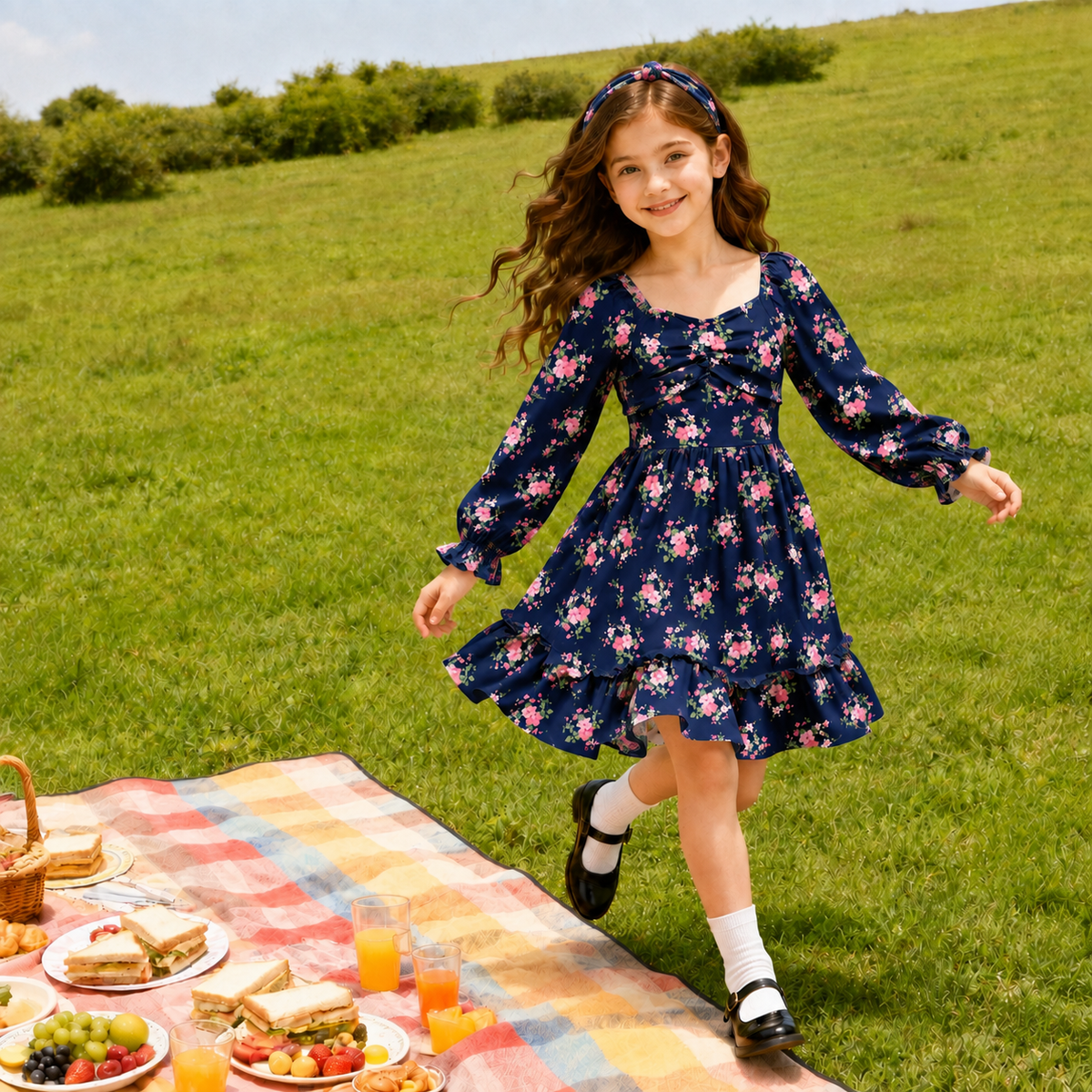 Lanbubble Girls Fall Dress Long Sleeve Floral Tiered Casual Flowy Dresses Square Neck A Line 7-14Y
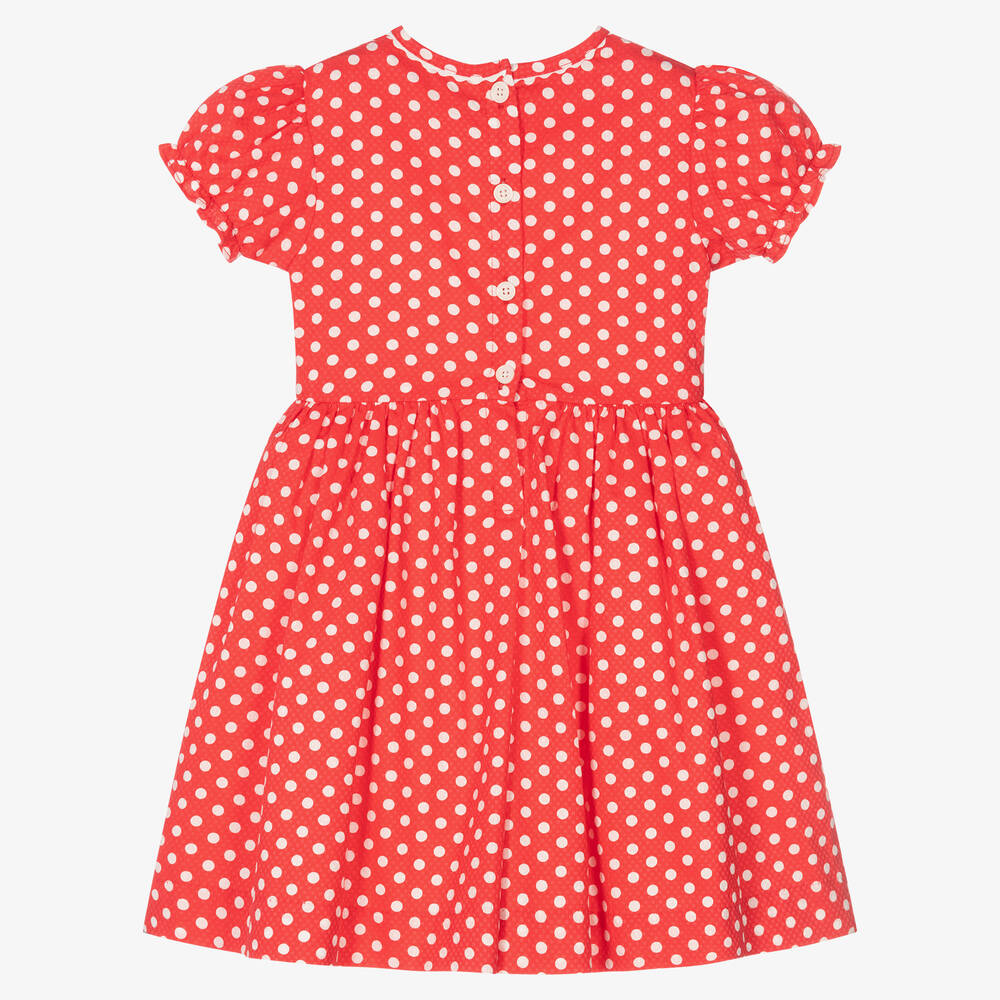 Rachel Riley Girls Red Polka Dot Dress Childrensalon Outlet
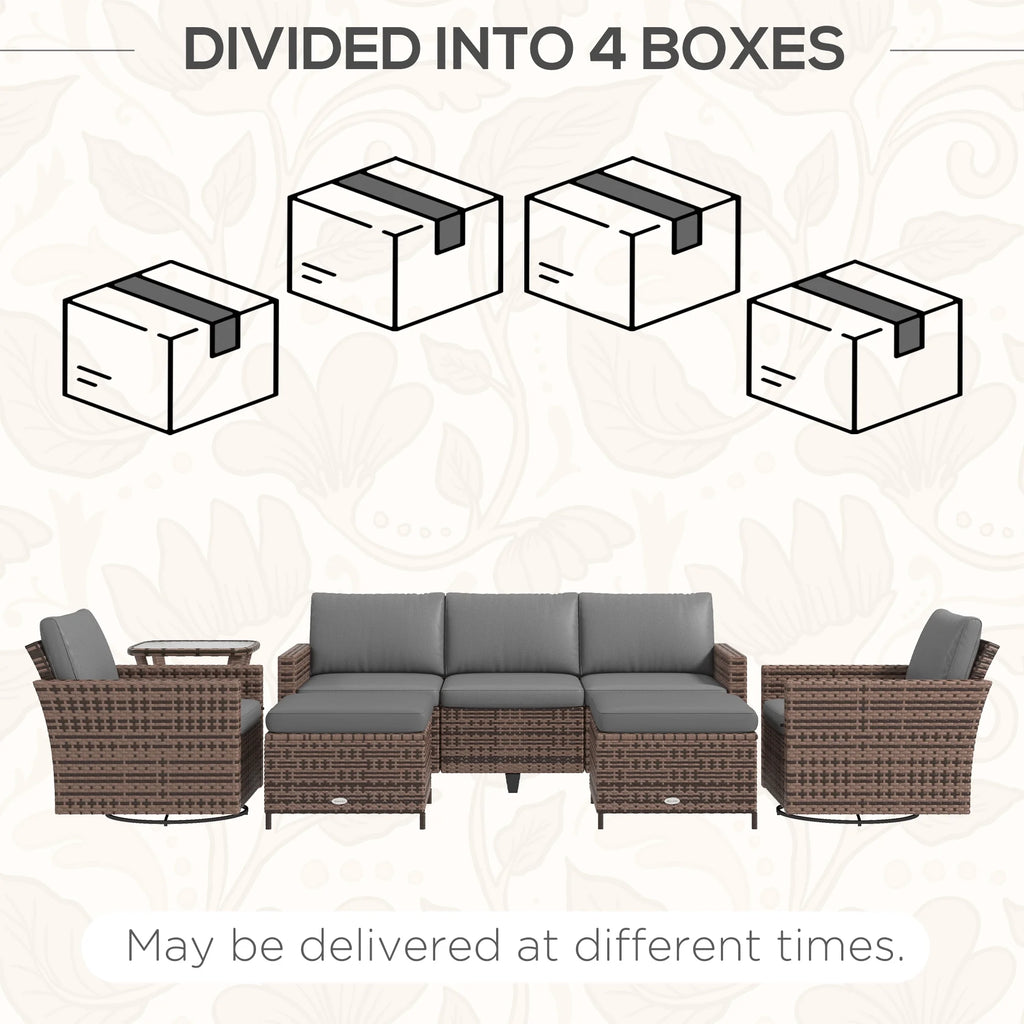 6pc Patio Furniture Set with Couch, Swivel Rocking Chairs, Brown T53600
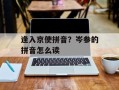 逢入京使拼音？岑参的拼音怎么读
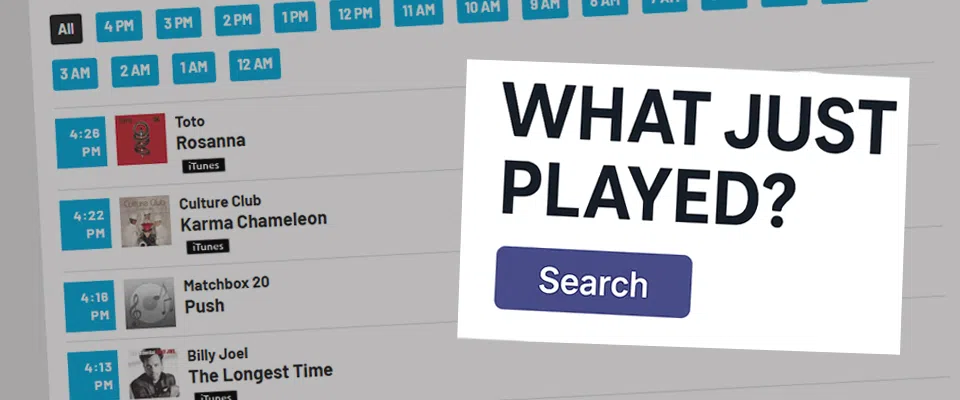 Feature: https://www.q1023.fm/recently-played/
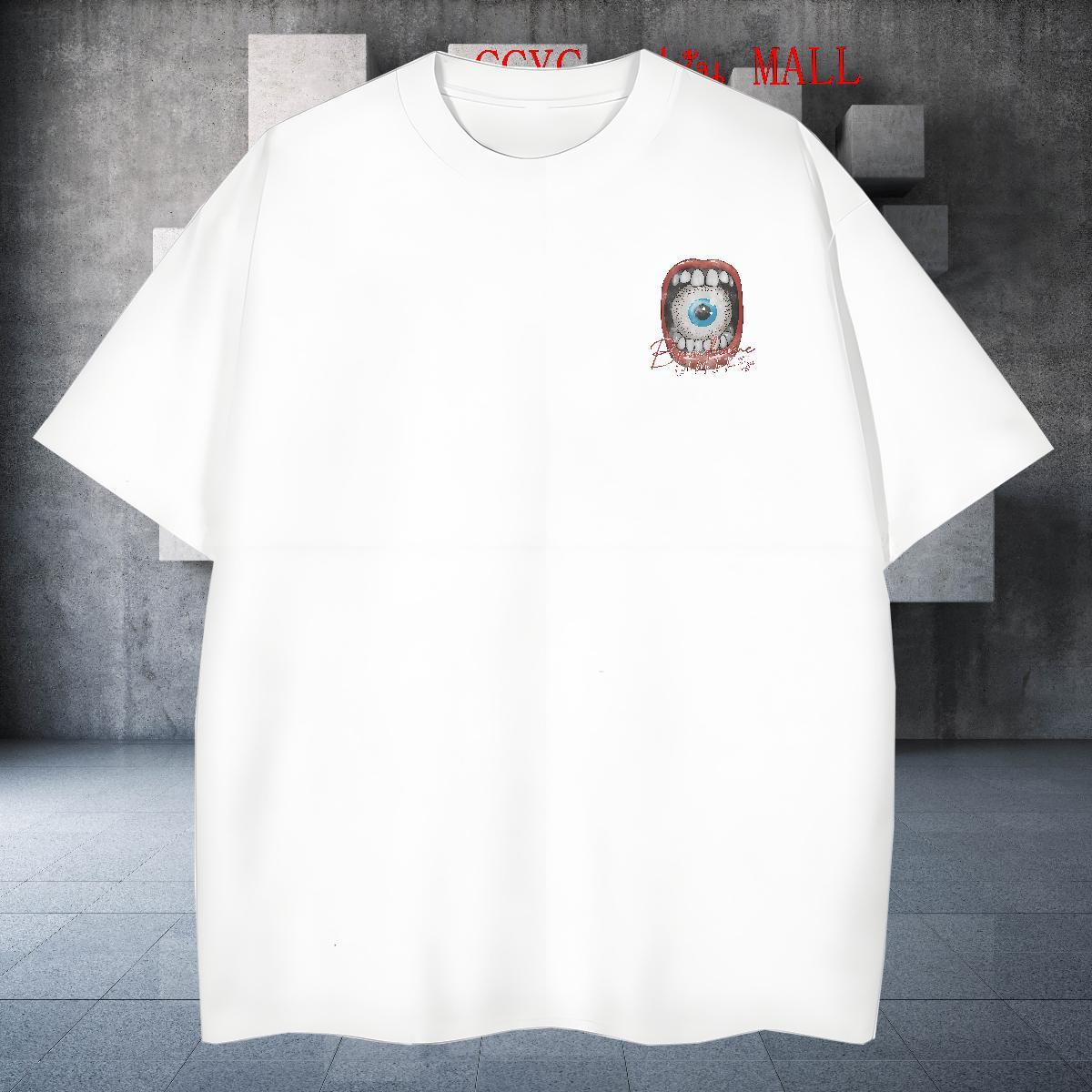 Loose eyeball T shirt Outdoor Tshirts 230g Pure Cotton Classic Casual Crew Neck Breathable Cartoon Printing L-4XL Tees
====
Return every entry exactly, dropping the pictures.

> [WRITTEN REPLY]
 Lanbubble Girls Fall Dress Long Sleeve Floral Tiered Casual Flowy Dresses Square Neck A Line 7-14Y
 Rachel Riley Girls Red Polka Dot Dress Childrensalon Outlet
 6pc Patio Furniture Set with Couch, Swivel Rocking Chairs, Brown T53600
 逢入京使拼音？岑参的拼音怎么读
 Feature: https://www.q1023.fm/recently-played/
 Loose eyeball T shirt Outdoor Tshirts 230g Pure Cotton Classic Casual Crew Neck Breathable Cartoon Printing L-4XL Tees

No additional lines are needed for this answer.